Did you know your C-reactive protein (CRP) test results can be affected by the condition of your oral health?

Often, CRP testing overlooks the mouth’s contribution to systemic inflammation. Even mild gingivitis can raise CRP levels and influence medical decisions.

Here’s what you should know and how to ensure your doctor and dentist share the same information.

Skip ahead to the CRP Doctor’s Letter

It is essential for your physician to have a clear picture of your oral health when treating you for inflammation.

Mark Burhenne, DDS

What is CRP (C-Reactive Protein)?

CRP, or C-reactive protein, is a blood marker used to indicate the presence of inflammation in the body.

When a clinician suspects an inflammatory condition, they will often order a CRP test to gauge how much inflammation is present.

Although CRP is not a definitive diagnostic tool, it is a practical, widely used marker and in some studies has predicted heart disease risk more reliably than cholesterol alone.

Why do we test CRP levels?

Measuring CRP helps clinicians determine whether inflammation is improving or worsening and guides treatment adjustments.

Inflammation plays a role in many common conditions, including heart disease, cancer, obesity, dementia, arthritis, autoimmune disorders, allergies, and digestive problems.

Inflammation is the body’s response to injury, infection, or stress. Acute inflammation is protective, but chronic inflammation can contribute to disease. High CRP indicates an active immune response and may signal an underlying illness.

How is CRP tested?

CRP is measured with a simple blood test. It remains one of the most practical clinical measures for quantifying systemic inflammation.

What does it mean if I have “high CRP”?

Generally, CRP levels under 10 mg/L are considered desirable, and lower is better. Interpretation should be individualized: your doctor can explain what your specific CRP result means in the context of your health history and current conditions.

Why we need to take a root-cause approach to treating CRP

The CRP test cannot reveal the source of inflammation. That’s where a functional approach—combining medical and dental perspectives—becomes valuable.

A functional clinician seeks to identify and address the root cause of inflammation rather than only treating symptoms. In other words, instead of continually mopping up the floor, the goal is to turn off the faucet.

If your physician does not consider your oral health when interpreting elevated CRP levels, treatments may be less effective or slower to work.

How does oral health affect CRP?

Research indicates a correlation between gum disease and elevated CRP, which may help explain links between periodontal disease and increased heart disease risk.

While studies have not shown a direct link between root canal treatment itself and higher CRP, infected teeth—including failed root canals—can raise systemic inflammation and should be part of any CRP assessment.

Download the CRP Doctor’s Letter

I created this CRP letter to help bridge communication between medical and dental providers when addressing patient inflammation.

This letter has helped thousands of patients coordinate care between dentists and physicians. Simply print it and bring it to your next appointment.
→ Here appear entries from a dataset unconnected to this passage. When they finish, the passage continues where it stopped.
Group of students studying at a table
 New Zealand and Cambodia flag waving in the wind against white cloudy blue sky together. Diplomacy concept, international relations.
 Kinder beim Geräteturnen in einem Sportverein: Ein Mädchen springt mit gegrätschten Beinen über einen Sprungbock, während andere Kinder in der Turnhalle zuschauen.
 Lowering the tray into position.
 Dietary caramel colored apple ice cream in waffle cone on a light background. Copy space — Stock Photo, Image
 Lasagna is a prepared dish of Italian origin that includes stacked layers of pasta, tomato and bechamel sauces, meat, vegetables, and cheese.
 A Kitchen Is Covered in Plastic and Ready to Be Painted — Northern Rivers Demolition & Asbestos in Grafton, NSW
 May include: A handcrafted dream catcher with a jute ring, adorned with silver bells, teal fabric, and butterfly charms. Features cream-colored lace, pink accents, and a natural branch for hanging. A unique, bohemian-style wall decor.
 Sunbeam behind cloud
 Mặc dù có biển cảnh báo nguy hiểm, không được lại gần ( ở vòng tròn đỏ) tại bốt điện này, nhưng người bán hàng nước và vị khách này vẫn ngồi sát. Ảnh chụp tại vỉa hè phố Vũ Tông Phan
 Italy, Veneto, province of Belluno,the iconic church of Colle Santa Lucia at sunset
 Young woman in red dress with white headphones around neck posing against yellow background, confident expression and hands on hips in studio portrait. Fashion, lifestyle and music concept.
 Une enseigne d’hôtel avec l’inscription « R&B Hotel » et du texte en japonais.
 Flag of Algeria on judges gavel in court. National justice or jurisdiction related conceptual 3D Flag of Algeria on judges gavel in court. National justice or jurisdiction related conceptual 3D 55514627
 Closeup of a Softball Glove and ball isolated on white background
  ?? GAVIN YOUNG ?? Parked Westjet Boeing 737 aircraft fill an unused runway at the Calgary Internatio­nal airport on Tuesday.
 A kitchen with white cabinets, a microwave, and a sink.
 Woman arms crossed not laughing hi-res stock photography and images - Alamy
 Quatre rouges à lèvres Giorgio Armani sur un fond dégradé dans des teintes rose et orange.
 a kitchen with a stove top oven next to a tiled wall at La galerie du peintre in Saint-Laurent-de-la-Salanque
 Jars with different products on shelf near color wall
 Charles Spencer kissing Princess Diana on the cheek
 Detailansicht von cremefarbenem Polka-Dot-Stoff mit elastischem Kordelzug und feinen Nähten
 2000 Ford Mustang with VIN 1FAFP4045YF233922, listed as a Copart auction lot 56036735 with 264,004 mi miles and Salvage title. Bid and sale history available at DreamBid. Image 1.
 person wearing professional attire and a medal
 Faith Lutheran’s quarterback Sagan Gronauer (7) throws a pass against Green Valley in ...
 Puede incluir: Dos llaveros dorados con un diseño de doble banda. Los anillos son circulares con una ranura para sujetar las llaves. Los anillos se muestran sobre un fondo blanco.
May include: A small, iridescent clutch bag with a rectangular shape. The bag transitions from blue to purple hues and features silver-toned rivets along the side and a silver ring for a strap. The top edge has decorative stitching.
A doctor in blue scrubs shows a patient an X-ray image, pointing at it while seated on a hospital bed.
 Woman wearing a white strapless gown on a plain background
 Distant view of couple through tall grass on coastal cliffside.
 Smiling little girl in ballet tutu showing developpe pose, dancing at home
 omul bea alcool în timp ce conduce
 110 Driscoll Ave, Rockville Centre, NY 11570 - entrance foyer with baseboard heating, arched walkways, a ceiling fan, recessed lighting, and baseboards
Healthcare practitioners are welcome to distribute and use it.

Download the CRP Letter

Even when gum disease is already known, lack of communication between your dentist and doctor can allow this important information to be overlooked.

Multiple studies suggest the association between CRP and periodontal disease may be an important link in understanding how gum disease increases cardiovascular risk. It’s possible that oral inflammation contributes to systemic disease, a connection often missed by both dentists and physicians.

The mouth is one of the most commonly overlooked sources of chronic inflammation. Make sure it’s included in your evaluation and treatment plan.

Mark Burhenne DDS

References

Noack, B, et al. “Periodontal infections contribute to elevated systemic C-reactive protein level.” National Center for Biotechnology Information. U.S. National Library of Medicine, Sept. 2001.

Marchetti, et al. “Periodontal Disease: The Influence of Metabolic Syndrome.” Nutrition & Metabolism, 25 Sept. 2012.